2.8. Statistical Analysis
All data were analyzed by one-way analysis of variance using SPSS version 20.0 for Windows (SPSS, Inc., Chicago, IL, USA). The replicate was considered as an experimental unit (n = 10). Using Tukey’s honest significant difference test, the significant differences between mean values were analyzed. Pooled SEs were identified for all the analyses, and the level of significance was set at p < 0.05.
3. Results
3.1. Growth Performance
The effects of dietary GHBP on broilers’ growth performance are listed in Table 4. BW and BWG were increased (p < 0.05) in all GHBP-supplied groups during the starter period; however, compared to all treated groups, the group supplied with GHBP at 200 and 300 μg/kg decreased FI (p < 0.05). FCR was improved (p < 0.05) in all GHBP-supplied groups, with the highest significant level detected in the group supplied with 200 μg/kg.
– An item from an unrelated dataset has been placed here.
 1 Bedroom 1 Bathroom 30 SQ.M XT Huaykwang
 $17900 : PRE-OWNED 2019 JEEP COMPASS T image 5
During the grower period, BW was elevated (p < 0.05) and FCR was decreased (p < 0.05) in all GHBP-supplied groups, with the highest significant level reported at the level of 200 μg/kg; however, the FI showed an increase (p < 0.05) at the level of 200 μg/kg in comparison to other experimental groups. The BWG was enhanced (p < 0.05) in the group supplied with 200 and 300 μg GHBP/kg. During the finisher and the overall performance periods, BW and BWG were elevated (p < 0.05) and FCR was decreased (p < 0.05) in all GHBP supplied groups, with the highest significant level reported at the level of 200 μg/kg. The FI did not show a significant change during the finisher and for the overall period.
Table 4.
Effect of GHBP on the growth performance of broiler chickens.
| Parameter | Control | GHBP100 | GHBP200 | GHBP300 | SEM | p-Value |
|---|---|---|---|---|---|---|
| Starter (1–10 days) | ||||||
| BW, g | 328 b | 335 a | 339 a | 336 a | 5.64 | <0.001 |
| BWG, g | 283 b | 290 a | 295 a | 292 a | <0.001 | 0.01 |
| FI, g | 361 a | 361 a | 346 c | 353 b | 4.38 | 0.03 |
| FCR | 1.28 a | 1.23 b | 1.17 c | 1.21 b | 6.98 | 0.02 |
| Grower (11–22 days) | ||||||
| BW, g | 1216 d | 1240 c | 1281 a | 1269 b | 33.46 | 0.02 |
| BWG, g | 888 b | 905 b | 942 a | 933 a | 28.47 | <0.001 |
| FI, g | 1606 d | 1570 c | 1501 a | 1538 b | 45.31 | 0.03 |
| FCR | 1.81 a | 1.74 b | 1.59 d | 1.65 c | <0.001 | <0.001 |
| Finisher (23–38 days) | ||||||
| BW, g | 2321 d | 2456 c | 2714 a | 2576 b | 43.18 | <0.001 |
| BWG, g | 1105 d | 1216 c | 1433 a | 1307 b | 34.44 | <0.001 |
| FI, g | 2309 | 2321 | 2433 | 2380 | 39.18 | 0.30 |
| FCR | 2.09 a | 1.91 b | 1.70 c | 1.82 b | 0.03 | <0.001 |
| Overall performance (1–38 days) | ||||||
| BW, g | 2321 d | 2456 c | 2714 a | 2576 b | 43.18 | <0.001 |
| BWG, g | 2276 d | 2411 c | 2670 a | 2532 b | 55.65 | <0.001 |
| FI, g | 4276 | 4248 | 4280 | 4271 | 46.18 | 0.964 |
| FCR | 1.88 a | 1.76 b | 1.60 d | 1.69c | <0.001 | <0.001 |
a,b,c,d Means with different superscripts within the same row differ significantly (p < 0.05). GHBP: growth hormone-boosting peptide; BW: Body weight; BWG: Body weight gain; FI: Feed intake; FCR: Feed conversion ratio. Control: basal diet without GHBP; GHBP100: basal diet plus GHBP at a level of 100 μg/kg; GHBP200: basal diet plus GHBP at a level of 200 μg/kg; GHBP300: basal diet plus GHBP at a level of 300 μg /kg diet.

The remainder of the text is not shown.